■ Work to complete
Of the lines in the data below, write out exactly those from the one holding "El Chaparral - Townhouse Apartment Malaga" through the one holding "OPEL Mokka 1.6 CDTI Enjoy S&S 4x4", both included.
Segment Start: Data for review
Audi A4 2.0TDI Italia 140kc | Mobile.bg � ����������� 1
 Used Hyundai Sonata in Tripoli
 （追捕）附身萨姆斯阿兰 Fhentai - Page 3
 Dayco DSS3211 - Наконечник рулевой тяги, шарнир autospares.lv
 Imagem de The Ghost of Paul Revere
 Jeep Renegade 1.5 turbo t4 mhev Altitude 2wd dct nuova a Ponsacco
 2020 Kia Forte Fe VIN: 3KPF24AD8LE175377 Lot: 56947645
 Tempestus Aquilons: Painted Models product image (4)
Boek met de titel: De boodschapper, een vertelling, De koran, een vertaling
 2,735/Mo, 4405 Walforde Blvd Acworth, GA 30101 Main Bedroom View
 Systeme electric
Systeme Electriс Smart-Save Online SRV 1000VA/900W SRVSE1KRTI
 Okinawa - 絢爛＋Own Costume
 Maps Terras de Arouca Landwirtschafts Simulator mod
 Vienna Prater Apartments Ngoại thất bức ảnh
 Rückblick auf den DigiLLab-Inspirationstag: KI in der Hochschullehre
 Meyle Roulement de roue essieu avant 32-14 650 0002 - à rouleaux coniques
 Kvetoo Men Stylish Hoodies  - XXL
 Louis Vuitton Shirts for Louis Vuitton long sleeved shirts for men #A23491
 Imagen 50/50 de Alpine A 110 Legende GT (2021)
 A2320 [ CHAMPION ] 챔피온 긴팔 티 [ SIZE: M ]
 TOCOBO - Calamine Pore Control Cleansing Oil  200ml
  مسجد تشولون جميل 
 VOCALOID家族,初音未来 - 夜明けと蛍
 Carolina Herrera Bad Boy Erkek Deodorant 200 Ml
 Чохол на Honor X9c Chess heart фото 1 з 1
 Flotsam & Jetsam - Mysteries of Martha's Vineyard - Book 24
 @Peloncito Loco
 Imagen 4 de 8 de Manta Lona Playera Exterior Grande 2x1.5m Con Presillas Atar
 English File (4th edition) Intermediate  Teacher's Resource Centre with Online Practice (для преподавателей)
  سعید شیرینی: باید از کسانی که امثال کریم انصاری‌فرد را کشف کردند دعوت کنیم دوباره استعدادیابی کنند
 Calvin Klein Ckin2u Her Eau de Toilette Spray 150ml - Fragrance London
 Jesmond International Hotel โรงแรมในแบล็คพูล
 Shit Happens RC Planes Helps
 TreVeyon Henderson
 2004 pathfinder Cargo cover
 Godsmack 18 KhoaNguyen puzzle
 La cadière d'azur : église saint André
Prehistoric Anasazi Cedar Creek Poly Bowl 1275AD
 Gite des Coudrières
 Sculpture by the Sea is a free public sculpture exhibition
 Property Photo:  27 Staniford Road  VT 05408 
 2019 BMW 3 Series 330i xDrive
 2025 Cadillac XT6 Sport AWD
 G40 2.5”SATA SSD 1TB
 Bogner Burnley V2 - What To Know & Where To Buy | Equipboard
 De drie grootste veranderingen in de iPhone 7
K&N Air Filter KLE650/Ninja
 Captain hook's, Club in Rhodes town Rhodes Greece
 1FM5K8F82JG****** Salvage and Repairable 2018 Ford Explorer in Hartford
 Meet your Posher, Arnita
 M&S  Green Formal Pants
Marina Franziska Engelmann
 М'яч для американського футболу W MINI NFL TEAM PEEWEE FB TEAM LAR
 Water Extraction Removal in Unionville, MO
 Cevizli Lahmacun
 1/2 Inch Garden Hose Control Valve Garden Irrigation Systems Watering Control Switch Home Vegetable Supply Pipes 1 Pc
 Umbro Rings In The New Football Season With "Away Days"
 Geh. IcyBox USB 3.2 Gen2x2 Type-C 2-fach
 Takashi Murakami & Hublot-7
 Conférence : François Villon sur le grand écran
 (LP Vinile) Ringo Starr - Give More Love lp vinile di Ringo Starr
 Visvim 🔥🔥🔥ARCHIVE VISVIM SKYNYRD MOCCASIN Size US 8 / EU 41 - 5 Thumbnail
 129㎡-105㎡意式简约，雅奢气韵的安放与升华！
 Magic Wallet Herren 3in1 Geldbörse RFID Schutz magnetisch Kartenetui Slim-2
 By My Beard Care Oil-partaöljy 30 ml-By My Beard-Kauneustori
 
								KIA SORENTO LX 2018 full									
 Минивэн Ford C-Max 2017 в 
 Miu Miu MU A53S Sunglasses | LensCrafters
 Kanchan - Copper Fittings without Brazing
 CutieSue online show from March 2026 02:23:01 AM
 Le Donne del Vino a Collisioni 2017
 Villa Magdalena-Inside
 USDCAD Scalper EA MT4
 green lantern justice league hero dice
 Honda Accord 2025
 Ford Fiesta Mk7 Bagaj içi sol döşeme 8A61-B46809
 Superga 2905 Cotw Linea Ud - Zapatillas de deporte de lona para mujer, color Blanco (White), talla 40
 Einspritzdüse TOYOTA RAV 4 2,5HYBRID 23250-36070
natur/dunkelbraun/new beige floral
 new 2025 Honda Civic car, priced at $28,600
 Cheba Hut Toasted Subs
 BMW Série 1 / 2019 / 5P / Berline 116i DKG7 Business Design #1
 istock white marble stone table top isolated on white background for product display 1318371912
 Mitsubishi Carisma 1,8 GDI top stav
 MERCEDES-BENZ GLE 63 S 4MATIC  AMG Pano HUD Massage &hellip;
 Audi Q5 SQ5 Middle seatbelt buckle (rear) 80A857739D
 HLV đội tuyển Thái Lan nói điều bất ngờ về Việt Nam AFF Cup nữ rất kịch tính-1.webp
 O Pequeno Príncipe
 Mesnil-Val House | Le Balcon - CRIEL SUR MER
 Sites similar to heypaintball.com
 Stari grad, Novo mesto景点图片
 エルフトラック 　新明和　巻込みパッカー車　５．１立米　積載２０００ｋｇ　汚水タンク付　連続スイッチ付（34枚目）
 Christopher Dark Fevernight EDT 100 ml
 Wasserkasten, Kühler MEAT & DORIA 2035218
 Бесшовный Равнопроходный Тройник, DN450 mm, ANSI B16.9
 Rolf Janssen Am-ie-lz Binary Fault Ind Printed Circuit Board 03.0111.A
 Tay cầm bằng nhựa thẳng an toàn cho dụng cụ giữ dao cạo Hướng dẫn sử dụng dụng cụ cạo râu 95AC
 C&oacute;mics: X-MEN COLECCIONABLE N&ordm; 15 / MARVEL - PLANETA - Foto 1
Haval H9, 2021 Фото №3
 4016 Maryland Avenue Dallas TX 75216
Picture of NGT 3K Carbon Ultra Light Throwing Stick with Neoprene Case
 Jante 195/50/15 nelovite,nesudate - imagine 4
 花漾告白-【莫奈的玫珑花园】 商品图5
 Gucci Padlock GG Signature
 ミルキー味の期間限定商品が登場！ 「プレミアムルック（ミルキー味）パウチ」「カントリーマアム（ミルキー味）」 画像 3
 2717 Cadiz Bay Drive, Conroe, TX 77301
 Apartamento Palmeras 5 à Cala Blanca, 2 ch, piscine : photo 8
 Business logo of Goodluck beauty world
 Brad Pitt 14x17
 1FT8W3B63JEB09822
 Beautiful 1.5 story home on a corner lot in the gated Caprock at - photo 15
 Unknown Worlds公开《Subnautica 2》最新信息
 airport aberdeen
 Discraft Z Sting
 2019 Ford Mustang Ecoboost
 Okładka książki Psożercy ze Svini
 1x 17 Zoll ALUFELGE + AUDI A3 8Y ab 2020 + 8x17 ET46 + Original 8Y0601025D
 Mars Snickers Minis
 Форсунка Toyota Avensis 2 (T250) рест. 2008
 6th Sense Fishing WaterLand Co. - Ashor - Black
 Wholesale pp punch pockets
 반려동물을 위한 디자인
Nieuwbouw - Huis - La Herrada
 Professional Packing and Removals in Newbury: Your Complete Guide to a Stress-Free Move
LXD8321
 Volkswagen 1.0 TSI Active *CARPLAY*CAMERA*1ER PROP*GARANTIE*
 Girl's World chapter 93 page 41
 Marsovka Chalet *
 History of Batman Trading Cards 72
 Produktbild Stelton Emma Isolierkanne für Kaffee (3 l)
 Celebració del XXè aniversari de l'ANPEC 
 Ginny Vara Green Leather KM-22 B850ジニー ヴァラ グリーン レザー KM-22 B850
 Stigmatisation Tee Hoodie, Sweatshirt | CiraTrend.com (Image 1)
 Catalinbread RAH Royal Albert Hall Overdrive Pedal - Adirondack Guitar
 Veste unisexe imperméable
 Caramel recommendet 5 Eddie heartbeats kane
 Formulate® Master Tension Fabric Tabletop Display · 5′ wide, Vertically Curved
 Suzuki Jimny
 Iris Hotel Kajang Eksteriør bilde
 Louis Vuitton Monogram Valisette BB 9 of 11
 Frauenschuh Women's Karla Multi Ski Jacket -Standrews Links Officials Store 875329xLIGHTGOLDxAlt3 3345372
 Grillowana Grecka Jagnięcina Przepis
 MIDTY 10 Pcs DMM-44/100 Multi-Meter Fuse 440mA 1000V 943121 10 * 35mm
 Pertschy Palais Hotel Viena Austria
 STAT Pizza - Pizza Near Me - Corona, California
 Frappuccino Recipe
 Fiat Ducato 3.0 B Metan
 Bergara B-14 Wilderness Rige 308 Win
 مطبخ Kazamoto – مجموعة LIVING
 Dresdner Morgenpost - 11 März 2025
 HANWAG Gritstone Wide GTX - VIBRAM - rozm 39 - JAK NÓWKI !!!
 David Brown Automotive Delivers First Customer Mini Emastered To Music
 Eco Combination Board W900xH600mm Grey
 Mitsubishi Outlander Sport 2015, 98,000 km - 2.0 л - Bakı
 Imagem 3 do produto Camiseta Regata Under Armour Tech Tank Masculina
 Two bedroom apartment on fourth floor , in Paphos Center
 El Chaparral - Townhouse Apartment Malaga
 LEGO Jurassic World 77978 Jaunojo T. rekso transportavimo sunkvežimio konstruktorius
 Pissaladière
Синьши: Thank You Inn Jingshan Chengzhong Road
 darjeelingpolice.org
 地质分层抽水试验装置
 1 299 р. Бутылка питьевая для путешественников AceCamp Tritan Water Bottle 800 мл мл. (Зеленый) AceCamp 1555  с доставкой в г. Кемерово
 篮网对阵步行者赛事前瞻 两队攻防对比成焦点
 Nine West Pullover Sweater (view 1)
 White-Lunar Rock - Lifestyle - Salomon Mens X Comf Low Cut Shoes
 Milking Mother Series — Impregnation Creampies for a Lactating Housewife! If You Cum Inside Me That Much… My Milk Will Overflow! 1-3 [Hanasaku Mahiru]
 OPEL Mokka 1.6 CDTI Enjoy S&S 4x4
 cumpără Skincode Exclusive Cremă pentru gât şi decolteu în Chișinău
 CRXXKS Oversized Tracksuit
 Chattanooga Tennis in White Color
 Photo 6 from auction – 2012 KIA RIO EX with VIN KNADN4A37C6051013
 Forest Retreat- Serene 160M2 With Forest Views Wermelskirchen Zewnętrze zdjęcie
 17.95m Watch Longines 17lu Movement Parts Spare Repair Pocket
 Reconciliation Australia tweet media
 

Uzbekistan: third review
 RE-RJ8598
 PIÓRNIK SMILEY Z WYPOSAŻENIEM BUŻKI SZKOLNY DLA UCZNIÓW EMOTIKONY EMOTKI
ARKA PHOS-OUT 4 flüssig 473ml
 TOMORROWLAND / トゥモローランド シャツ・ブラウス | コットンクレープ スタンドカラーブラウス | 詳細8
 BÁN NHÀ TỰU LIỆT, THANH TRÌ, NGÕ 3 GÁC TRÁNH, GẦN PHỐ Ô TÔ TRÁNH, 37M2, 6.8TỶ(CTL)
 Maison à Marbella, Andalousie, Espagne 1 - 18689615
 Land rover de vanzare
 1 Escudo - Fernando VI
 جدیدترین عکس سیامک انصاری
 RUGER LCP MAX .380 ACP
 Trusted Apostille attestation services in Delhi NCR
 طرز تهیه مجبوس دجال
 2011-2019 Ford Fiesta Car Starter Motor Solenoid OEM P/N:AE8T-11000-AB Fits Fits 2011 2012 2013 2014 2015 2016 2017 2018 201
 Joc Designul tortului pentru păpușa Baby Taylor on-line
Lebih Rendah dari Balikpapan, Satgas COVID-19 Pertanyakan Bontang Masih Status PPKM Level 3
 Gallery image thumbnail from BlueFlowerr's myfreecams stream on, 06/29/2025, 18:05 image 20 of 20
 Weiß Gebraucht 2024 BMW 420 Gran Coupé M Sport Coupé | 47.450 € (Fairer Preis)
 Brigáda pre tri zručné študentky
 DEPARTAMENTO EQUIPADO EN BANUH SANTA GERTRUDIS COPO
Segment End: Data for review
■ Expected answer
 El Chaparral - Townhouse Apartment Malaga
 LEGO Jurassic World 77978 Jaunojo T. rekso transportavimo sunkvežimio konstruktorius
 Pissaladière
Синьши: Thank You Inn Jingshan Chengzhong Road
 darjeelingpolice.org
 地质分层抽水试验装置
 1 299 р. Бутылка питьевая для путешественников AceCamp Tritan Water Bottle 800 мл мл. (Зеленый) AceCamp 1555  с доставкой в г. Кемерово
 篮网对阵步行者赛事前瞻 两队攻防对比成焦点
 Nine West Pullover Sweater (view 1)
 White-Lunar Rock - Lifestyle - Salomon Mens X Comf Low Cut Shoes
 Milking Mother Series — Impregnation Creampies for a Lactating Housewife! If You Cum Inside Me That Much… My Milk Will Overflow! 1-3 [Hanasaku Mahiru]
 OPEL Mokka 1.6 CDTI Enjoy S&S 4x4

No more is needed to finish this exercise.